Live album by Diante do Trono
- Released: 2004
- Recorded: 10 July 2004
- Venue: Administrative Center of Bahia, Salvador, Bahia, Brazil
- Genre: Contemporary worship music
- Length: 73:40
- Label: Diante do Trono
- Producer: Diante do Trono

Diante do Trono Live Praise & Worship chronology
| Quero Me Apaixonar (2003) | Esperança (2004) | Ainda Existe Uma Cruz (2005) |

= Esperança (album) =

Esperança is the seventh Portuguese-language album in the live praise and worship series of contemporary worship music by Diante do Trono.

== About the project ==

In the pre-recording of the Esperança, the mining group released the Quero Me Apaixonar album, recorded at the Campo de Marte Airport, in São Paulo.

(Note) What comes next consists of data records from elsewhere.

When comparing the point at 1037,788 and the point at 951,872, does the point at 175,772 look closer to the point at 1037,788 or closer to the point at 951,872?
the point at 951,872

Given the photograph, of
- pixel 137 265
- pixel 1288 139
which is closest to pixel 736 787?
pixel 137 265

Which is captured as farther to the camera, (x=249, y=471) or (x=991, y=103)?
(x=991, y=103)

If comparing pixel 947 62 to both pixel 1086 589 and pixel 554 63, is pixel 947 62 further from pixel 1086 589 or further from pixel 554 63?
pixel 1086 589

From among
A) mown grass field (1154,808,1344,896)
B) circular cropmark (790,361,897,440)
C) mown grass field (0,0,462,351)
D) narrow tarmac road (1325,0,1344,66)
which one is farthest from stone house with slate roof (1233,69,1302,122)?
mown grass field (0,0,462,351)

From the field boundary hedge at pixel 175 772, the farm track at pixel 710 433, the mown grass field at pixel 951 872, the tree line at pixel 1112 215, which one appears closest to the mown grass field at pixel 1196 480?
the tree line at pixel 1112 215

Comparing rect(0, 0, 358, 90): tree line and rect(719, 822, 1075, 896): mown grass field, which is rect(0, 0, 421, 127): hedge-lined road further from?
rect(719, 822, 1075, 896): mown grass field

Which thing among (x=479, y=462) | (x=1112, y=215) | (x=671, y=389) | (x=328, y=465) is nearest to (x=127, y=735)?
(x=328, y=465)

The group once again reaffirmed its intention to hold large gatherings of worshipers in their recordings when this brought, according to the Civil Police, an audience of about 1,200,000 people. The album sold over 650,000 copies, charting successes in churches throughout Brazil as "Eis-me Aqui" and "Esperança" (theme song).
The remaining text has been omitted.